La crisi è quel momento in cui il vecchio muore e il nuovo stenta a nascere. Antonio Gramsci

mercoledì 18 novembre 2015

I confini? Sono stati innalzati per essere attraversati

di Paola Caridi e Lucia Sorbera
Non più un paese, ma una cultura. Non più l’Arabia Saudita, bensì la letteratura araba. Non più un criterio geopolitico, ma uno geoculturale. La decisione presa dal Salone Internazionale del Libro di Torino, lo scorso ottobre, rompe una tradizione consolidata negli anni: in ogni edizione, la più importante fiera del libro d’Italia (la seconda in Europa) sceglieva di concentrare l’attenzione su di un paese in particolare, in stretta collaborazione con le istituzioni, l’ambasciata, e laddove presente il ministero della cultura dello Stato indicato come ospite d’onore. La letteratura, dunque, veniva conchiusa nei limiti statuali, all’interno di confini ben delimitati.

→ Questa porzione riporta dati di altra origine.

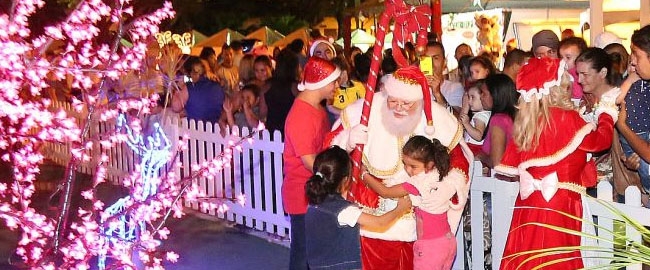 NATAL: Natal Maringá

6 ottobre 2015. A Sydney è scoccata la mezzanotte. Migliaia e migliaia di chilometri più a est, nell’entroterra agrigentino, a Sambuca di Sicilia, è invece pomeriggio. L’agenzia Ansa batte la notizia. “I vertici della Buchmesse, che nel 2016 non avrà un Paese ospite d’onore, hanno deciso così di passare da un criterio geopolitico ad un criterio geoculturale”.
Il lancio d’agenzia rispecchia in gran parte la lettera aperta che noi, Lucia Sorbera a Sydney e Paola Caridi in Sicilia, avevamo scritto appena qualche giorno prima, il 30 settembre, e pubblicato sul blog di Paola, invisiblearabs. Avevamo sfidato distanza e fuso orario, messo assieme le nostre idee grazie a uno sconfinamento virtuale, e nel giro di appena 48 ore eravamo riuscite a mobilitare circa duecento persone in tutto il mondo, dall’Italia all’Australia, dalla Gran Bretagna agli Stati Uniti e il Medio Oriente.

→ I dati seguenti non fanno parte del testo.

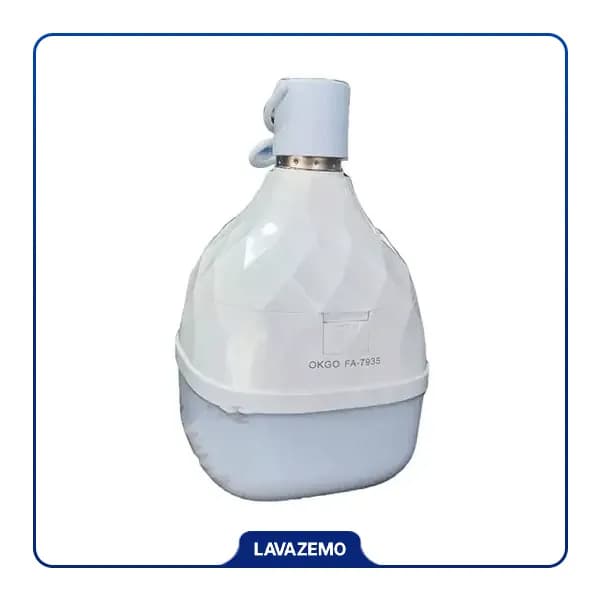 لامپ اضطراری شارژی سرپیچی 30 وات OKGO مدل FA-7935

A sostenere con entusiasmo il nostro appello, in un tam tam rapidissimo, si era infatti formato un gruppo di persone diversificato al proprio interno, composto di studiosi, attivisti e intellettuali di generazioni differenti, dislocati in paesi differenti, più o meno legati al mondo arabo. E a loro si erano uniti – elemento forse più significativo degli altri – coloro che rappresentano il pubblico più appropriato per eventi culturali di questo tipo: gli amanti della letteratura e gli appassionati di cultura, le cui professioni non hanno niente a che vedere con i mestieri dell’editoria e della scrittura.

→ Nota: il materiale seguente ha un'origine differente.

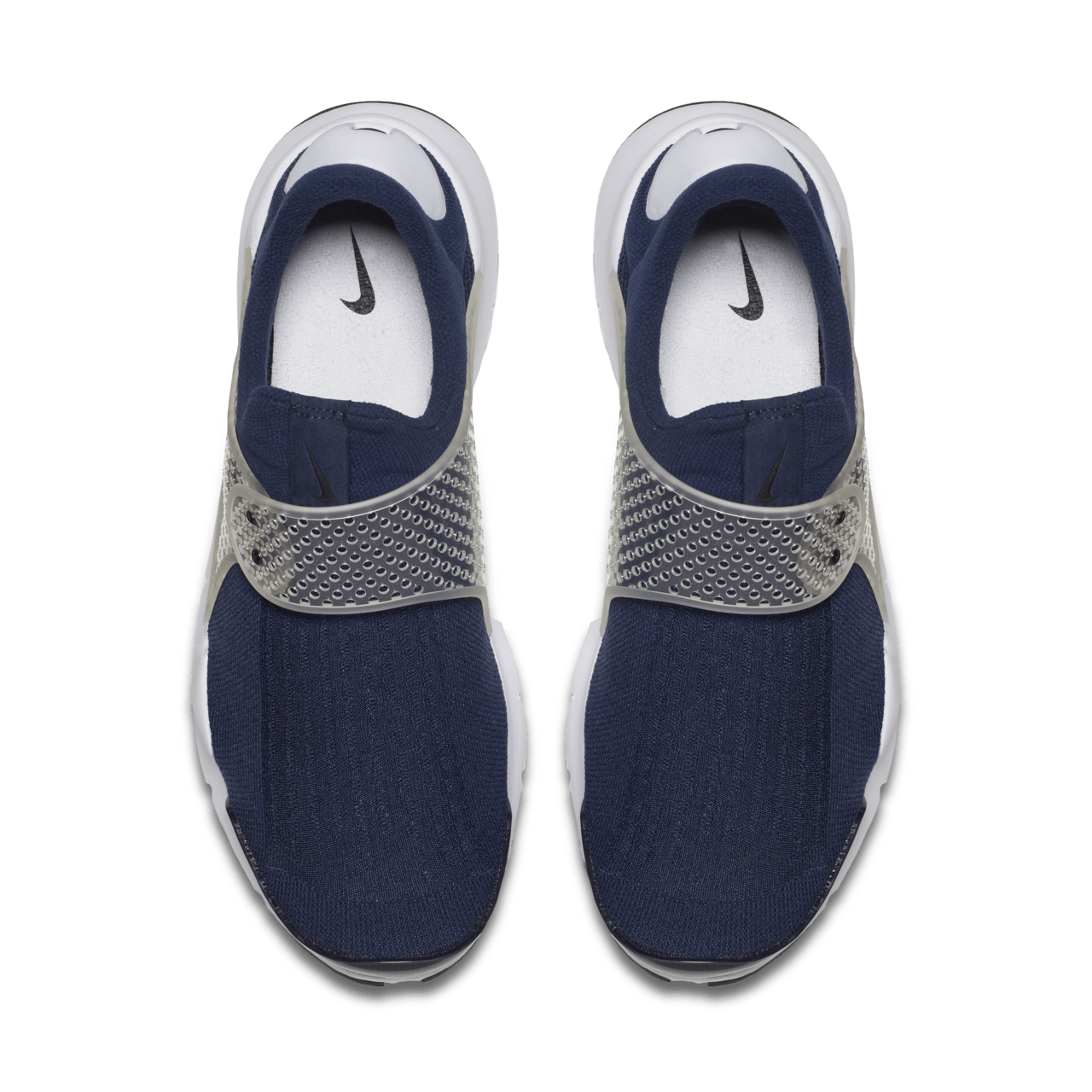 Navy blue sock darts on sale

Qualche nota a pie’ di pagina
L’antefatto risale a qualche mese prima, a maggio. Proprio alla conclusione del Salone del Libro di Torino edizione 2015. Gli organizzatori del Salone svelano il nome del paese ospite dell’edizione successiva: l’Arabia Saudita, appunto. Paola commenta subito sul suo blog la notizia, non senza una punta di ironia: “La vera notizia saranno gli scaffali dello stand (presumibilmente imponente) dell’Arabia Saudita, il paese ospite del prossimo Salone del Libro, edizione 2016. E cioè: ci saranno libri, su quegli scaffali? E quali tipi di libri? La domanda non è peregrina, visto che in Arabia Saudita vige la censura, soprattutto sulle opere d’arte”. Il commento circola ampiamente sui social media. La sua voce, però, rimane isolata e non coinvolge né accademici né gli opinionisti che vanno per la maggiore sulla stampa generalista.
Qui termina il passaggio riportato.